Rodrigo Álvarez (Rudericus Aluari) (died 1187) was a Galician nobleman and crusader from the Kingdom of León. He founded the military Order of Mountjoy in 1174 and affiliated it with the Cistercian Order that he had long patronised.

Rodrigo was a son of Álvaro Rodríguez and Sancha Fernández. He entered the public record in a royal charter of 13 June 1161. A sign of his landed wealth is given by the properties he held at Buján, Fafián, Goon, and Levasser, which he at one point mortgaged for 200 maravedíes. He and his brother Vermudo also came to own lands on the river Esla in the province of León, probably through their mother's second marriage to the Leonese count Pedro Alfonso. Early he received the tenencia (fief from the crown) of Allariz, where he is attested on 18 September 1162. By 1165 he was also holding the region of Lemos from the crown, and in 1168 also Monterroso. After the death of his father in January 1167 he was given the title Count, the highest rank in the kingdom, and received the tenencia of Sarria, which he held until 1171. During those four years (1168–71) he was a regular attendee of the court of King Ferdinand II. At an unknown date, Rodrigo married María, daughter of Ponce de Minerva and Estefanía Ramírez. For her bridewealth Rodrigo gave her the church of San Pelayo de Villamuriel, which she in turn granted to San Marcos de León on 3 June 1172.
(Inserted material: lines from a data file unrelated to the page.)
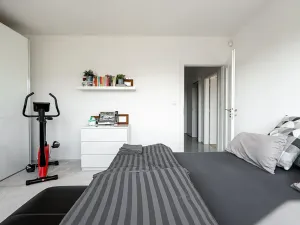 Prodej rodinného domu, Králův Dvůr, Na Vinohradech, 140 m2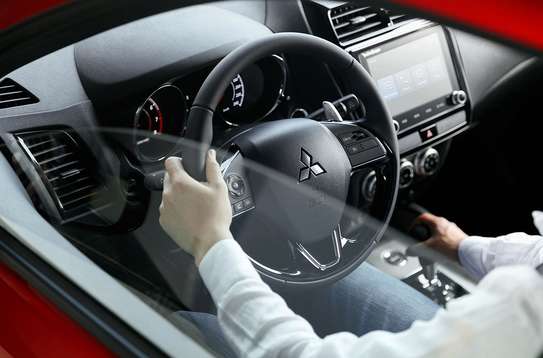 MITSUBISHI ASX 2024 image 5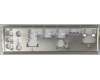 Asus 13020-06978300 I/O Shield 6USB/2HDMI/DP/KM/LAN/WF/3AO/F1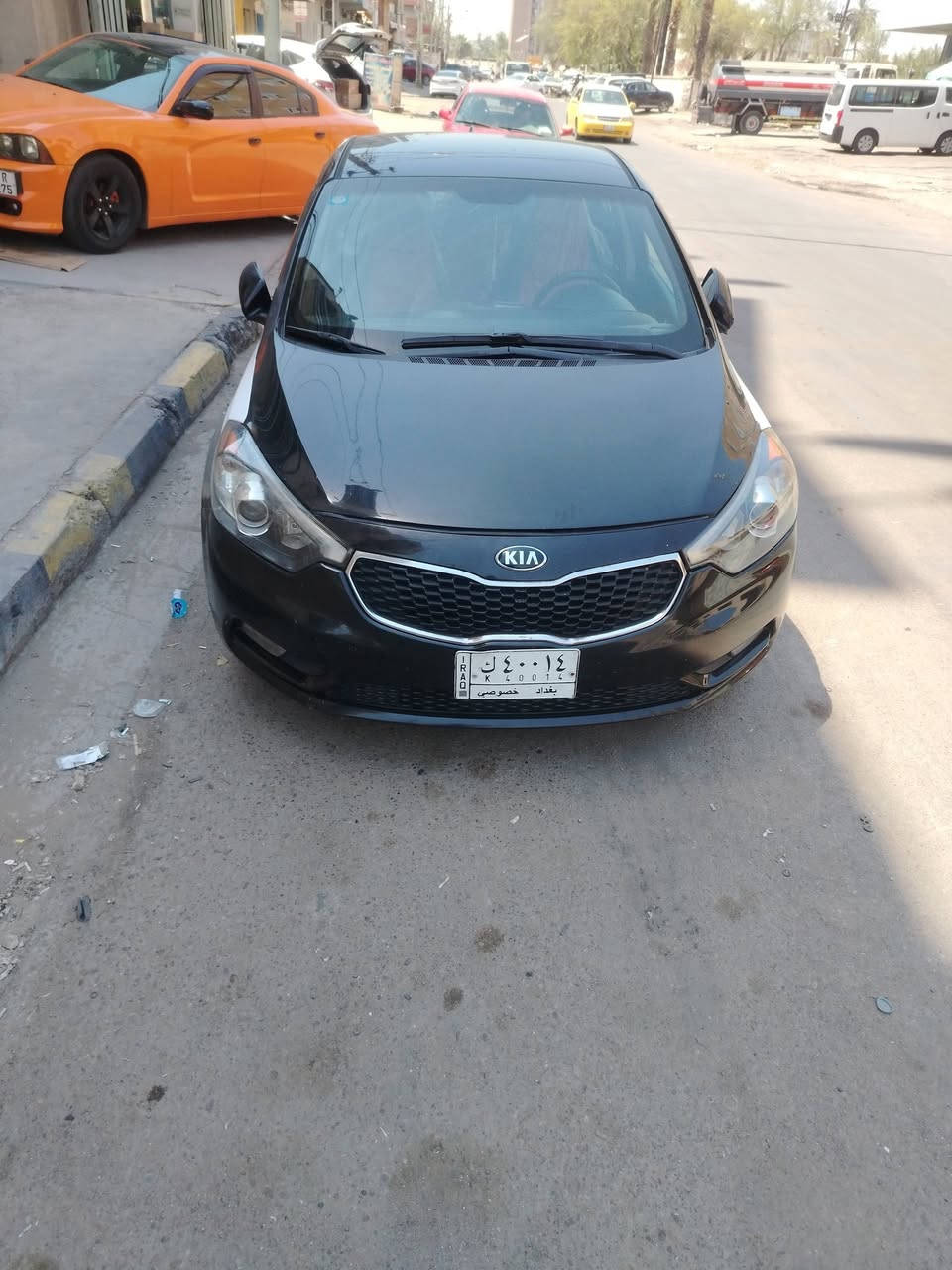 فورتي ٢٠١٥ مراوس حسب القناعه
تفاصيل أكثر اتصل *********** غير متواجد عل خاص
At an unknown date Rodrigo—in his own words, "seized by diabolical rage"—burned down the church of Santa María de Mal. On 20 February 1171, in penance for this sin, he donated the church San Salvador de Sarria to the Cathedral of Lugo. Later that year, perhaps out of guilt, he resigned his tenencias and joined the Order of Santiago. Two documents of September 1172/3 place Rodrigo, as a knight of the Order, at the court of Afonso I of Portugal in Coimbra. By 1172 Rodrigo had grown dissatisfied with the lax practices of the Order of Santiago, especially the allowance for members to marry, and he received permission from the Papal legate Jacinth to Spain to found a new confraternity in accordance with the Cistercian rule (instituta Cisterciensis ordinis). This was approved by Pope Alexander III the next year. Alexander forbade the new order to accept any former members of Santiago or to acquire any properties that might be disputed by Santiago. The use of the Cistercian rule caused some controversy at the Abbey of Cîteaux, where the chapter objected to Rodrigo's "inconstancy", but the abbot eventually approved it without the consent of the chapter, which was obtained later (by December 1175). Late in 1173 or early in 1174 Rodrigo and a few companions founded the Order of Mountjoy. Shortly afterwards his wife separated from him and later joined her mother's convent at Carrizo (founded 1176), where she would be abbess between 1184 and 1191. On 28 November 1190 she gave some more of her bridewealth to San Marcos de León and the Order of Santiago. She probably died in 1192.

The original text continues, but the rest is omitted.